PROBLEM DETAILS: What you should end up with is an exact copy of the lines from the one holding "McDonald County quarterback" through the last line of the entries below, both included, and nothing else; leave every picture out.

Source records:

————

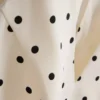 Peplumtop met halternek en stippen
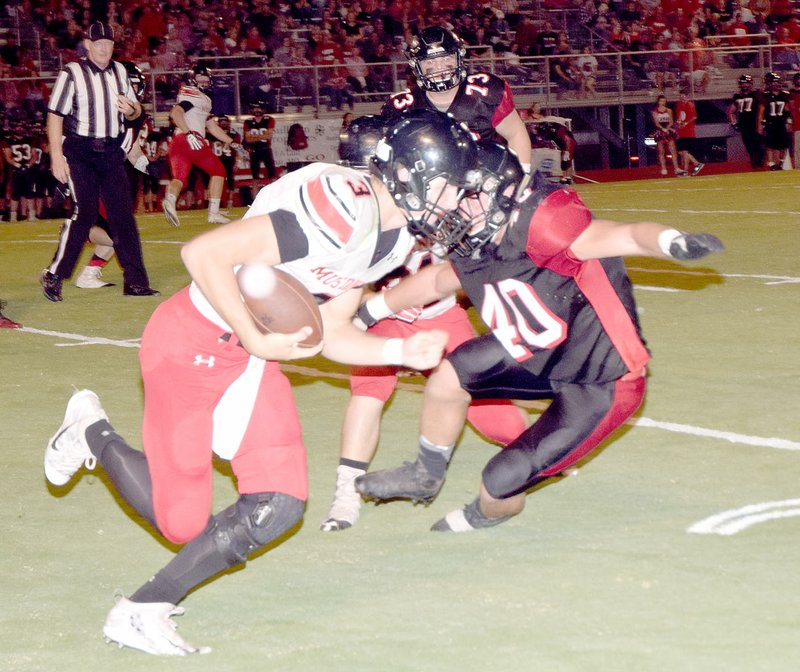 Photo by Rick Peck
McDonald County quarterback Peyton Barton tires to get around Lamar's Travis Bailey during the Mustangs' 50-8 loss on Sept. 22 at Lamar High School.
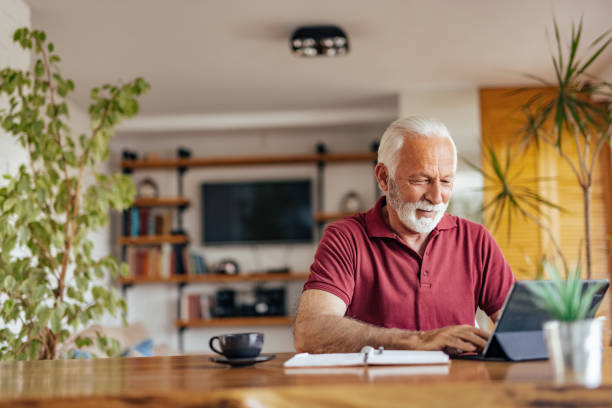 istock Senior man, working on his book, while drinking his coffee. 1326300546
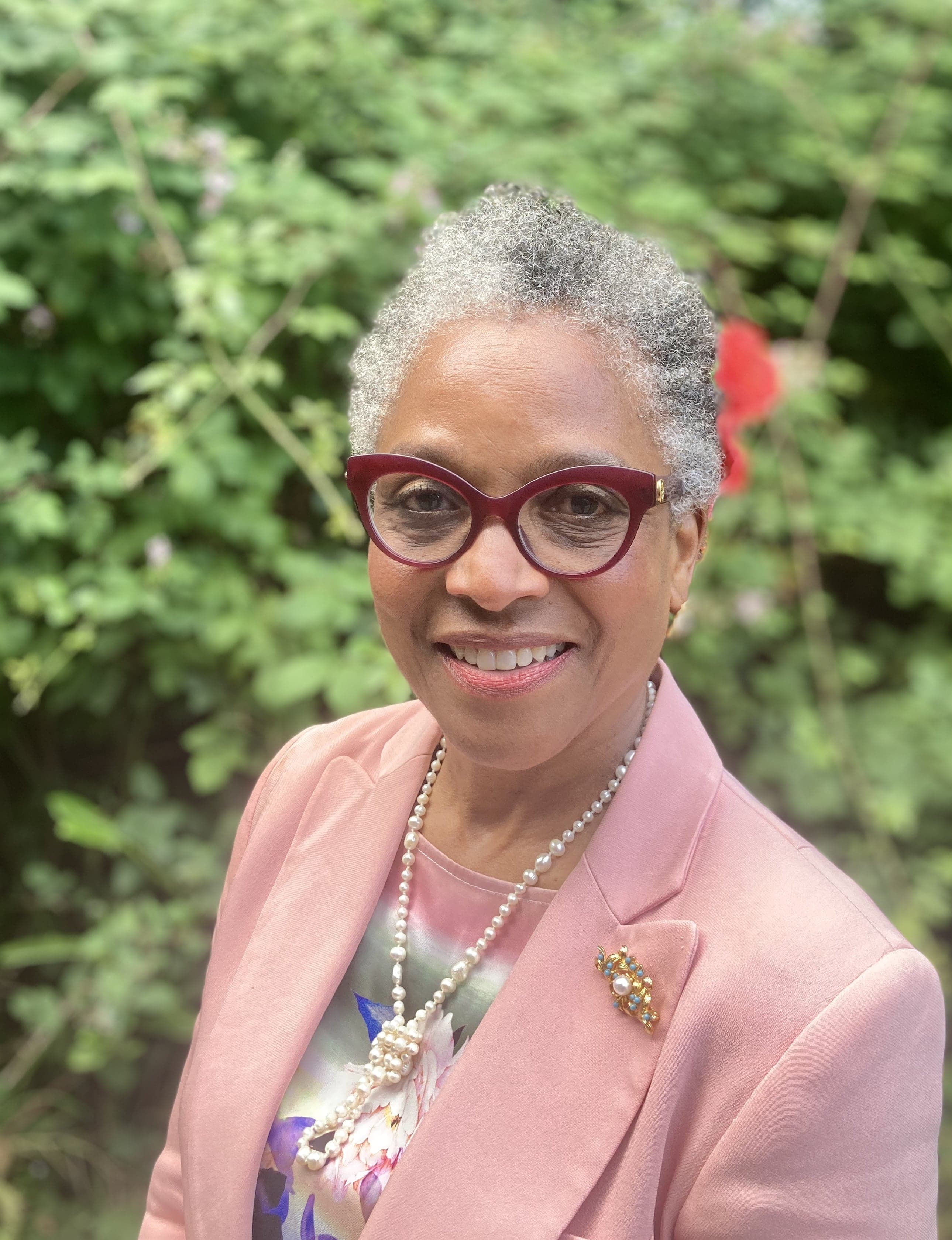 Head shot of Peaches Golding against a backdrop of greenery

————

OUTPUT FOR THIS TASK:
McDonald County quarterback Peyton Barton tires to get around Lamar's Travis Bailey during the Mustangs' 50-8 loss on Sept. 22 at Lamar High School.
 istock Senior man, working on his book, while drinking his coffee. 1326300546
 Head shot of Peaches Golding against a backdrop of greenery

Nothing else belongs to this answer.